INFRASTRUTTURE E TETTI VERDI, SUPERFICI PERMEABILI E FILTRANTI. LE CITTÀ-SPUGNA CINESI SONO UN MODELLO DI GESTIONE URBANA ACQUA PIOVANA

Ultimamente ci stiamo purtroppo abituando ad assistere ai disastri naturali. Fra i fenomeni più frequenti vi sono sicuramente i nubifragi. Solo nell’ultimo anno possiamo fare un elenco di tempeste che hanno portato distruzione laddove si sono abbattute: a fine agosto la bomba d’acqua che ha colpito il sud est asiatico ha paralizzato Mumbai, poi è stata la volta di Houston, negli Usa, e infine anche Berlino ha affrontato uno dei nubifragi più violenti della storia del paese. Se la causa di questo inasprirsi degli eventi calamitosi è ormai (quasi) universalmente rintracciata nell’aggravarsi del fenomeno del cambiamento climatico, rimane da chiedersi quali strategie di gestione urbana dell’acqua piovana dovrebbero essere messe in atto per salvaguardare le città di tutto il mondo.

Città più resilienti

E’ chiaro che il riscaldamento globale debba essere contrastato con misure radicali e attraverso una revisione profonda delle politiche energetiche ma nel frattempo è necessario cautelarsi, cercando di progettare città più resilienti, ovvero in grado di resistere e di reagire agli eventi estremi.

Il maxi-piano cinese per contrastare le alluvioni

Il Paese che probabilmente sta investendo maggiormente, perlomeno a livello teorico, in un modello innovativo e integrato di gestione urbana acqua piovana è la Cina. Più volte colpito da nubifragi molto violenti, come quello del 2012 che ha devastato Pechino, il paese asiatico nel 2015 ha lanciato un maxi-progetto con un obiettivo ambizioso: entro il 2020 l’80% delle aree urbane dovrebbe assorbire e riutilizzare almeno il 70% dell’acqua piovana.

Come è possibile raggiungere questo scopo? Trasformando tutte le grandi città cinesi in ‘sponge cities’, grazie a una serie di interventi e di progetti volti a una maggiore resilienza. Le città-spugna, lo si deduce dal nome, sono quelle città che mettono in atto alcune soluzioni per evitare che l’acqua dirompi, assorbendola e, laddove possibile, recuperandola per destinarla a nuovi usi.

Gestione urbana acqua piovana: interventi in 30 città

A essere coinvolte sono attualmente 30 diverse città, tra cui Shanghai, Wuhan e Xiamen, dove si stanno sperimentando o dove sono stati pianificati interventi che dovrebbero sia aiutare a migliorare la gestione urbana acqua piovana sia a far fronte alle carenze idriche dovute a consumi eccessivi.
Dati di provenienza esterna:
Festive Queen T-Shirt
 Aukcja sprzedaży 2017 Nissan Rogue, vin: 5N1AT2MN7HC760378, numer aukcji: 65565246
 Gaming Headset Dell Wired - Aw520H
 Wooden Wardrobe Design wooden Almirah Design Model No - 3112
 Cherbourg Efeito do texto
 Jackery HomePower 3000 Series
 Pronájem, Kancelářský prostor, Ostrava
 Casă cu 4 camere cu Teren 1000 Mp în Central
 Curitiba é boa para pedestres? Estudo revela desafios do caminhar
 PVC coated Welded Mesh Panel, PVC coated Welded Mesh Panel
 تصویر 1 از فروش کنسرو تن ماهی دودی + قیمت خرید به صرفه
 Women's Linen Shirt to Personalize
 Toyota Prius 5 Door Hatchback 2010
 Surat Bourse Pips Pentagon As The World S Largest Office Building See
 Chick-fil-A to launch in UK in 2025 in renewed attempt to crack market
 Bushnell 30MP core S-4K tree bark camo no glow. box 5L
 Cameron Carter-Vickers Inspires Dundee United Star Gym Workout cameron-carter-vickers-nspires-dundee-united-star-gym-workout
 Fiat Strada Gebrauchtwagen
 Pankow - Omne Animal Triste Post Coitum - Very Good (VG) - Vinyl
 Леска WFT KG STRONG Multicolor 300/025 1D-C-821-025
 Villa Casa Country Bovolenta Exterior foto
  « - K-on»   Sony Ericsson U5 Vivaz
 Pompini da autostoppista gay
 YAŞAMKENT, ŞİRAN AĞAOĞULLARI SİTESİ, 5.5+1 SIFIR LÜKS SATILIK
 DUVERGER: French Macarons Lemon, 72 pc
Gli interventi per trasformare un centro urbano in una città-spugna riguardano soprattutto l’implementazione di infrastrutture verdi e di superfici permeabili e filtranti, capaci di potenziare la capacità di assorbimento e di redistribuzione dell’acqua.

Una città-spugna sperimentale

Lingang New City, un nuovo agglomerato pianificato nel distretto di Pudong, a 65 km Shanghai, sta fungendo da test per lo sviluppo di un modello di sponge-city. I tetti delle abitazioni saranno interamente ricoperti da vegetazione, sono previste zone umide per lo stoccaggio dell’acqua piovana, tutte le pavimentazioni saranno permeabili e vi sarà anche un grande lago al centro della città, che fungerà sia da bacino idrico di raccolta sia come espediente per ridurre la temperatura esterna dell’aria.

gestione urbana acqua piovana

Gli altri interventi

Oltre alla città sperimentale, diverse misure sono in fase di realizzazione anche altrove. Shanghai ha annunciato all’inizio del 2016 la costruzione di 400.000 metri quadrati di giardini pensili. Mentre a Shenzen, una megalopoli di 10 milioni di abitanti che si affaccia sul mare che bagna la regione del Guandong, nella Cina meridionale, si stanno sperimentando alcuni sistemi innovativi per edifici e pavimentazioni.

Qualcosa non sta funzionando?

Il traguardo si sta però avvicinando e c’è da dire che in tutte le città cinesi si sono verificati una serie dirallentamenti nei lavori previsti.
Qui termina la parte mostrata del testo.